**Exercise data:**
━━━━━━━━━━━━━━━━

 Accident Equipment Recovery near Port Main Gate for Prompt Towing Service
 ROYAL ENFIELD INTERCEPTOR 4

━━━━━━━━━━━━━━━━

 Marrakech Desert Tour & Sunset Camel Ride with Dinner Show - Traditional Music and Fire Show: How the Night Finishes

━━━━━━━━━━━━━━━━

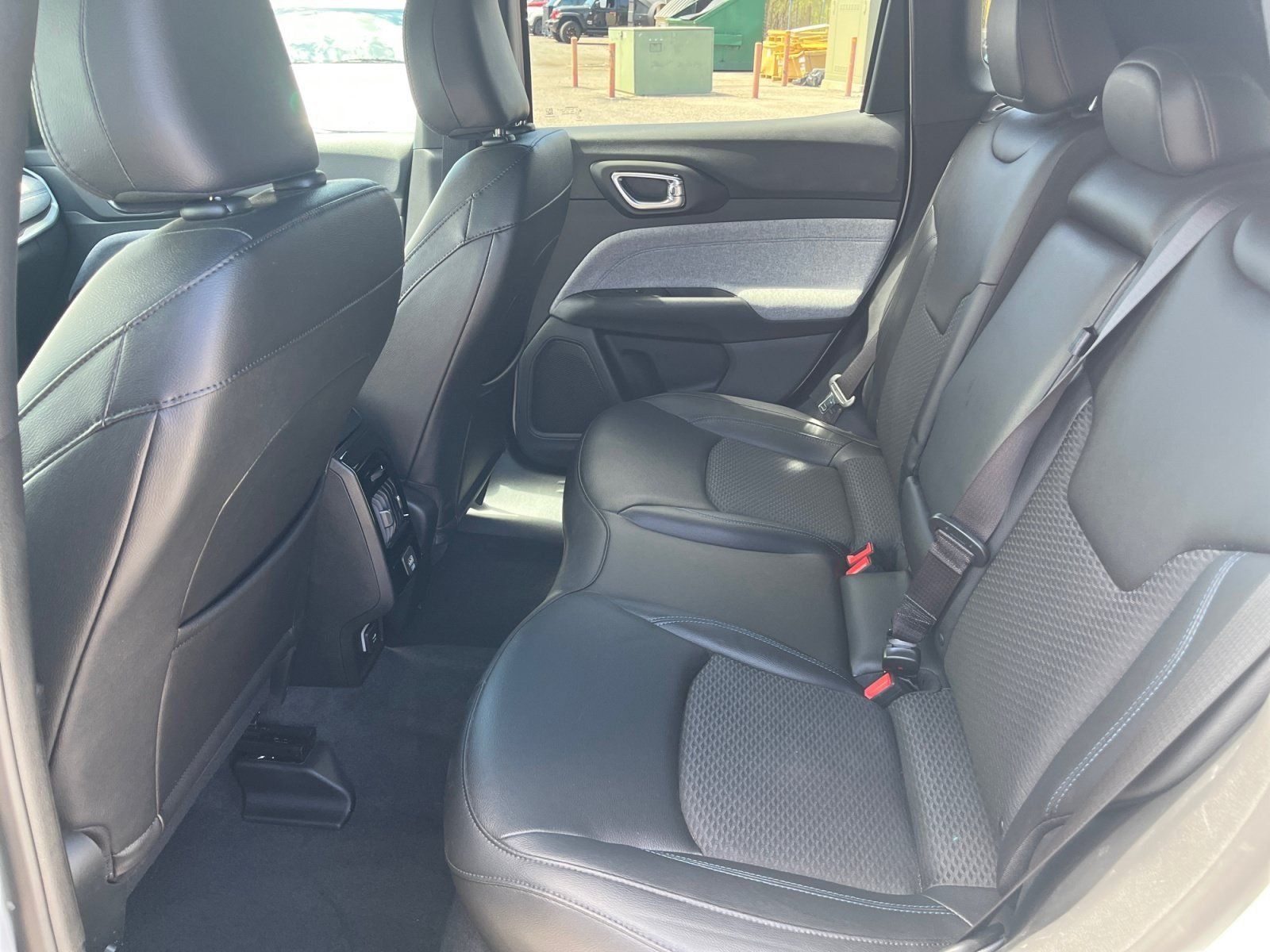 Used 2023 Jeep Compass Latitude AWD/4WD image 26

━━━━━━━━━━━━━━━━

**Your goal:** Copy out, word for word, the part of the entries above that begins at the line with "Accident Equipment Recovery" and ends at the line with "ROYAL ENFIELD INTERCEPTOR 4", including both.

**Response to this task:**
 Accident Equipment Recovery near Port Main Gate for Prompt Towing Service
 ROYAL ENFIELD INTERCEPTOR 4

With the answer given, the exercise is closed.